A disk is attached slightly off-center to a rotating shaft (omega = 200). The shaft is attached to a rigid fixture, see Figure 33. The fixture in turn is spinning around the X-axle. The rotational axis of the shaft is defined using *DEFINE_VECTOR_NODES and two nodes in the rotating fixture. A rotating coordinate system is applied for the rotational dynamics analysis.
The keyword file for this example is run_rotodyn.key. The analysis is performed using non-linear transient dynamics (compare Section 4.8) and the control cards of control_cards_nolin.key.

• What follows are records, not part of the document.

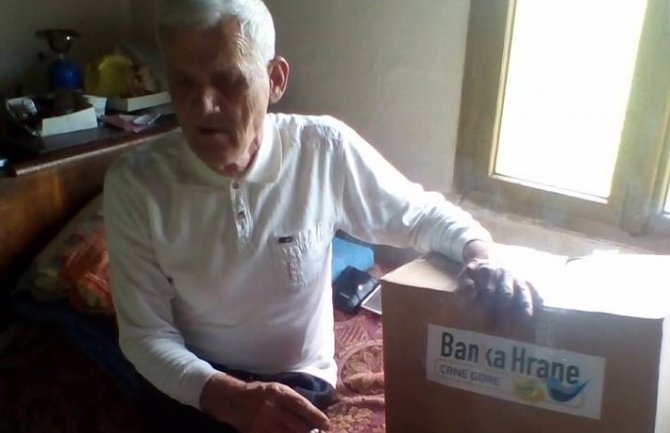 Starac Velizar živi sam u lošim uslovima na rubu siromaštva, pomozimo mu!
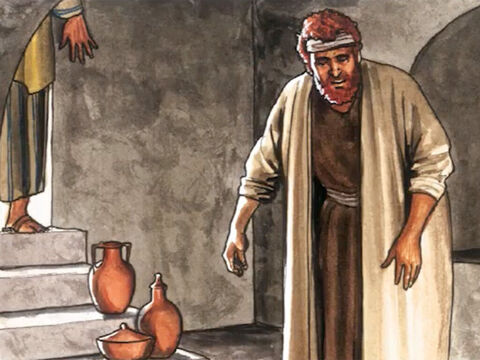 A seguir, Simão Pedro, que vinha atrás dele, chegou, entrou no sepulcro – Slide número 15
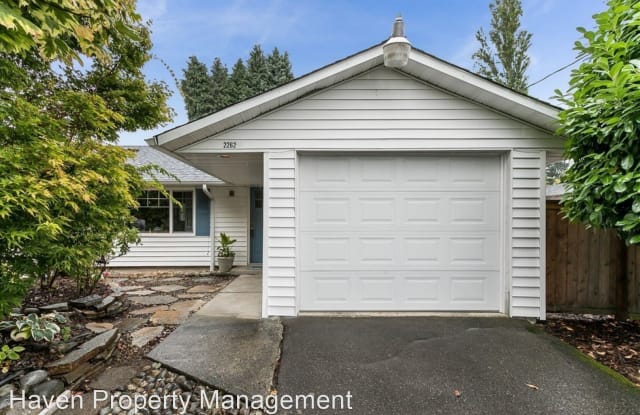 2262 Shelton Ave NE - 2262 Shelton Avenue Northeast, Renton, WA 98056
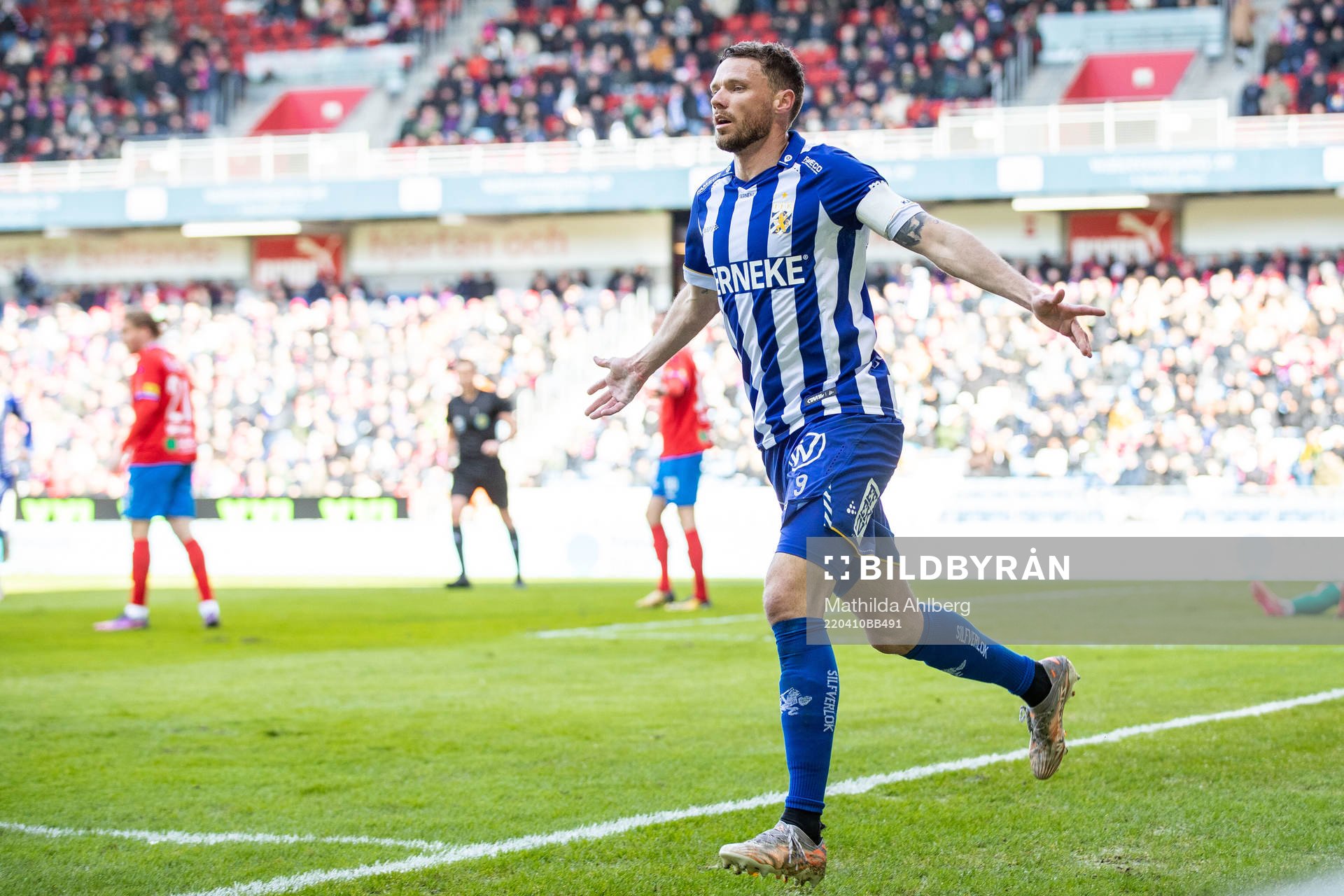 IFK Göteborgs Marcus Berg jublar efter 0-1 under fotbollsmatchen i Allsvenskan mellan Helsingborg och IFK Göteborg den 10 april 2022 i Helsingborg.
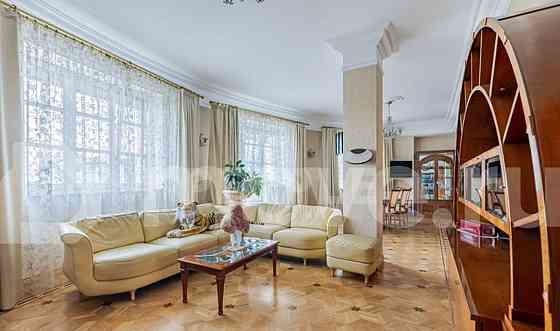 5-комн. пентхаус, 307.7 м2, 7/8 эт. Москва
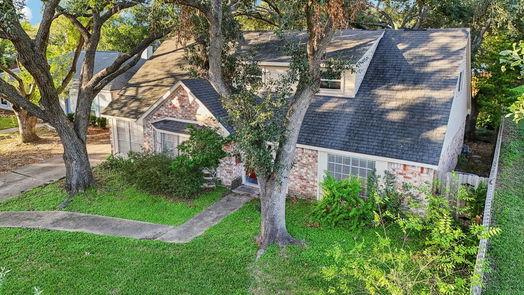 Houston 2-story, 4-bed 6202 Rollingbrook Drive-idx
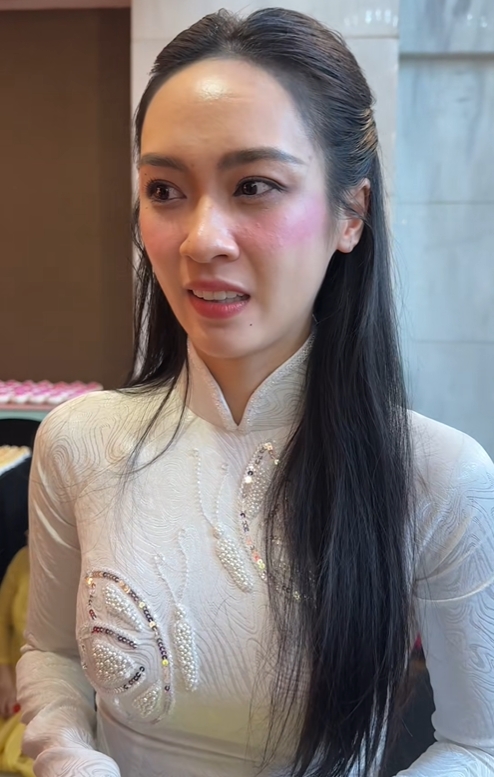 Cận cảnh gương mặt Cận cảnh gương mặt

To
account for the rotational motion, the composite Bathe time integration scheme is used (ALPHA = 0.5 on *CONTROL_IMPLICIT_DYNAMICS), compare Section 4.8.

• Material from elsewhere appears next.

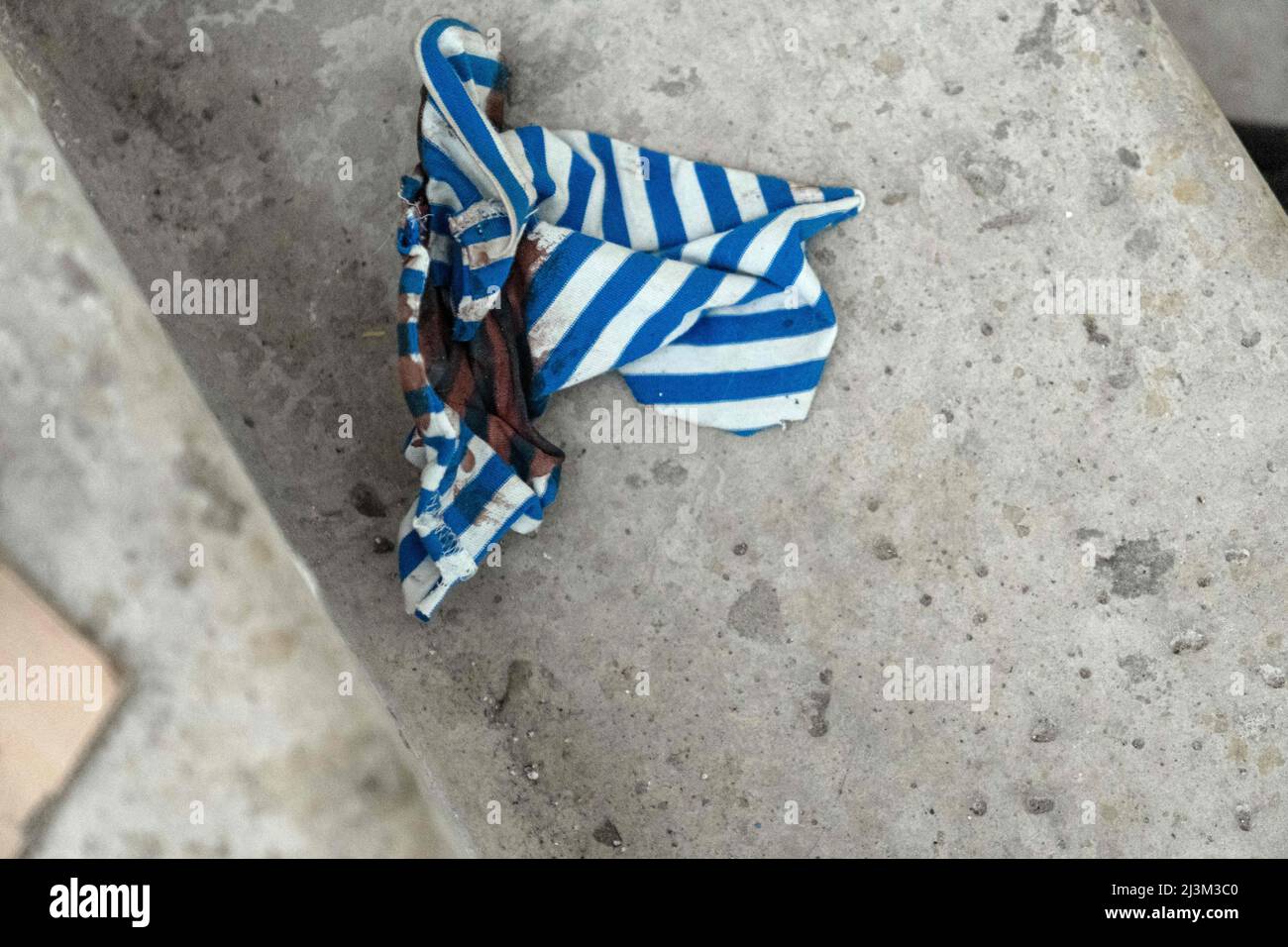 Blutflecken ein Stück der russischen Telnyaschka, das nach der Befreiung der Stadt von den russischen Eindringlingen auf der Treppe zurückgelassen wurde, Bucha, Kiew, Nord-Ukraine, 7. April, 2022. Nach Angaben des Bürgermeisters wurden nach einem Massenmord in Bucha mehr als 300 Einwohner der Stadt tot aufgefunden. Die Ukraine hat den Internationalen Strafgerichtshof gebeten, im Rahmen der laufenden Untersuchung der Invasion zu untersuchen, was in der Stadt geschehen ist, um festzustellen, ob eine Reihe russischer Kriegsverbrechen begangen wurden.[die russischen Behörden haben die Verantwortung verweigert und behauptet, dass die Ukraine Aufnahmen des Ereignisses oder des STA gefälscht hat Stockfoto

Example Files: run_rotodyn
NOTE! All examples are included in the Complete Guideline
*KEYWORD
$===============================================================================
$ Control cards
$===============================================================================
*INCLUDE
../INCLUDE_FILES/control_cards_nonlin.key
*INCLUDE
../INCLUDE_FILES/database_cards_static.key
*CONTROL_IMPLICIT_GENERAL
$# imflag dt0 imform nsbs igs cnstn form zero_v
1 1.000e-3 2 1
*CONTROL_IMPLICIT_DYNAMICS
$# imass gamma beta tdybir tdydth tdybur irate
1 1 0.5
*CONTROL_IMPLICIT_AUTO
$ IAUTO ITEOPT ITEWIN DTMIN DTMAX DTEXP
1 100 20 1.E-6 -700. 0.
*CONTROL_IMPLICIT_SOLUTION
$# nsolvr ilimit maxref dctol ectol rctol lstol abstol
12 1 65 1.E-3 1.E-2 1.E-20
$# dnorm diverg istif nlprint nlnorm d3itctl
1 1 1 3 2 1
$# arcctl arcdir arclen arcmth arcdmp
$# lsmtd
5
*DEFINE_CURVE_TITLE
Implicit timesteps
700,
0.,1.E-4
1.,1.E-3
*CONTROL_TERMINATION
$# endtim endcyc dtmin endeng endmas
0.100000 0 1.E-6
*CONTROL_MPP_IO_NODUMP
$===============================================================================
$ Database cards
$===============================================================================
*DATABASE_BINARY_D3PLOT
$# dt lcdt beam npltc psetid
1.000e-3 0 0 0 0
*SET_NODE_LIST_TITLE
output nodes
$# sid da1 da2 da3 da4 solver
1
$# nid1 nid2 nid3 nid4 nid5 nid6 nid7 nid8
1 51
*DATABASE_HISTORY_NODE_SET
1
$===============================================================================
$ Loads and boundary conditions
$===============================================================================
*CONTROL_IMPLICIT_ROTATIONAL_DYNAMICS
$---+----1----+----2----+----3----+----4----+----5----+----6----+----7----+----8
$# sid itype omega vid nomega irefer
1 1 200.00 1 0 2
*DEFINE_VECTOR_NODES
1 1 51
*SET_PART_LIST_TITLE
Rotating parts
$# sid da1 da2 da3 da4 solver
1
$# pid1 pid2 pid3 pid4 pid5 pid6 pid7 pid8
1 2
*BOUNDARY_PRESCRIBED_MOTION_RIGID
3 5 2 110
*DEFINE_CURVE_TITLE
Rotational displacement 1 rad in 0.1 s
110
0.,0.
0.1,1.
1.,1.
$===============================================================================
$ Geometry
$===============================================================================
*INCLUDE
geo_rotodyn.key
$===============================================================================
$ Simulation title
$===============================================================================
*TITLE
Rotational dynamics example - nonlinear transient implict dynamic
*END